Based on the shortcomings of previous studies, the traditional SPH method has been improved to realize the simulation of hydraulic fracturing processes of shale formations. Two numerical examples are carried out showing that the improved SPH method can be well applied to the simulation of hydraulic fracturing, and the correctness is verified by comparing with previous experimental results. Finally, the hydraulic fracturing processes of bedding shale formation under different in situ stress conditions are simulated, and two typical forms of interaction modes between hydraulic fractures and bedding properties are discussed. The research results can provide some references for the optimization of hydraulic fracturing technology in shale gas production, and also provide some references for the applications of the SPH method in shale hydraulic fracturing modelling.

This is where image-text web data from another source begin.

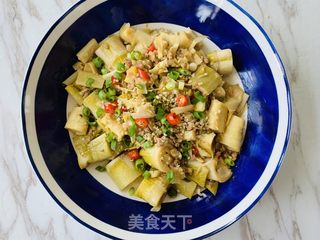 火麻仁肉末炒嫩笋的做法步骤：6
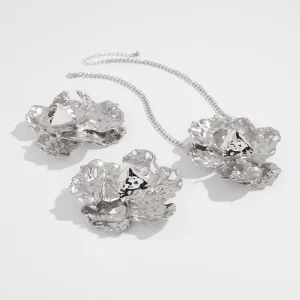 Exaggerated Abstract Metallic Flower Charm Necklace Earrings Set
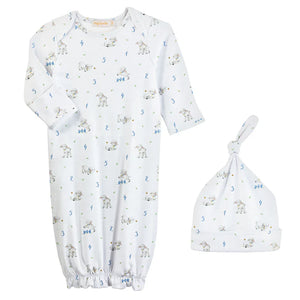 COUNTING BABY SHEEP PRINTED GOWN & HAT SET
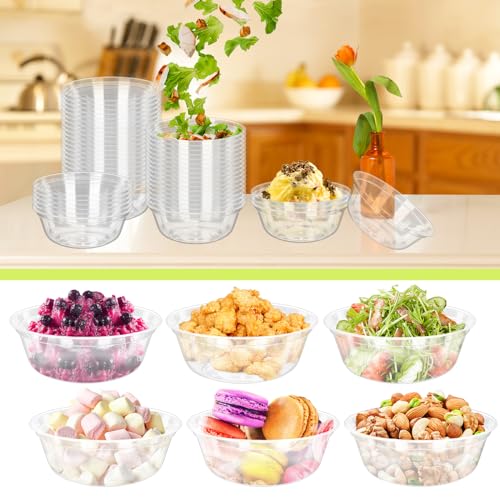 70 Pack Small Clear Plastic Bowls, 14oz Disposable Salad Soup Bowls G238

2. Numerical Treatments of Hydraulic Fracturing in SPH

2.1. Liquid—Solid Particle Interaction Modes

There exists liquid–solid contact surface between liquid particles (orange particles in Figure 2) and solid particles (blue particles in Figure 2), where liquid particle i exerts force (water pressure) on solid particle j. The water pressure is oriented along the liquid–solid particle line toward solid particle i and has a magnitude of σ_p. The normal vector between liquid particle i and solid particle j is defined as follows: For any contact pair between liquid particle and solid particle, its normal unit vector can be expressed as [33]:

$$n_{ij}=(x_{ij},y_{ij})/\left|r_{ij}\right|$$

(1)

where n_ij is the normal unit vector between liquid and solid particles, x_ij = x_j − x_i is the difference between the horizontal coordinate of liquid particles and solid particles, y_ij = y_j − y_i is the difference between the ordinate coordinate of liquid particles and solid particles, and $r_{ij}=\sqrt{x_{ij}^2+y_{ij}^2}$ is the distance between liquid particles and solid particles. Then, the following variables can be defined [33]:

$$n_{x,i}=x_{ij}/\left|r_{ij}\right|$$

(2)

$$n_{y,i}=y_{ij}/\left|r_{ij}\right|$$

(3)

Assuming that each liquid particle has the properties of water pressure p_w, the force σ_pij liquid particles on solid particles can be expressed as [33]:

$$\left\{\begin{array}{c}\sigma p_{xx}=p_w\cdot n_{x,i}^2\\ \sigma p_{yy}=p_w\cdot n_{y,i}^2\\ \sigma p_{xy}=p_w\cdot n_{x,i}\cdot n_{y,i}\end{array}\right.$$

(4)

Therefore, according to the liquid–solid interaction relationships, the traditional SPH governing equations can be re-written into the liquid–solid coupling governing equations [33]:

$$\left\{\begin{array}{c}\frac{d{\rho }_i}{dt}={\displaystyle \sum _{j=1}^N{m}_j{v}_{ij}^{\beta }\frac{\partial W_{ij,\beta }}{\partial x_i^{\beta }}}\\ \frac{d{v}_i^{\alpha }}{dt}={\displaystyle \sum _{j\in \mathrm{S}}^N{m}_j(\frac{{\sigma }_i^{\alpha \beta }}{{\rho }_i^2}+\frac{{\sigma }_j^{\alpha \beta }}{{\rho }_j^2}+T_{ij})\frac{\partial W_{ij,\beta }}{\partial x_i^{\beta }}+{\displaystyle \sum _{j\in W}^N{m}_j(\frac{{\sigma }_i^{\alpha \beta }}{{\rho }_i^2}+\frac{\sigma p^{\alpha \beta }}{{\rho }_j^2}+T_{ij})\frac{\partial W_{ij,\beta }}{\partial x_i^{\beta }}+}}\\ \frac{d{e}_i}{dt}=\frac{1}{2}({\displaystyle \sum _{j\in \mathrm{S}}^N{m}_j(\frac{{\sigma }_i^{\alpha \beta }}{{\rho }_i^2}+\frac{{\sigma }_j^{\alpha \beta }}{{\rho }_j^2}+T_{ij})v_{ij}^{\beta }\frac{\partial W_{ij,\beta }}{\partial x_i^{\beta }}+{\displaystyle \sum _{j\in W}^N{m}_j(\frac{{\sigma }_i^{\alpha \beta }}{{\rho }_i^2}+\frac{\sigma p^{\alpha \beta }}{{\rho }_j^2}+T_{ij})v_{ij}^{\beta }\frac{\partial W_{ij,\beta }}{\partial x_i^{\beta }}})}\\ \frac{d{x}_i^{\alpha }}{dt}=v_i^{\alpha }\end{array}\right.$$

(5)

where j ∈ S are all the solid particles in the liquid–solid contact domain and j ∈ W are all the liquid particles in the liquid–solid contact domain.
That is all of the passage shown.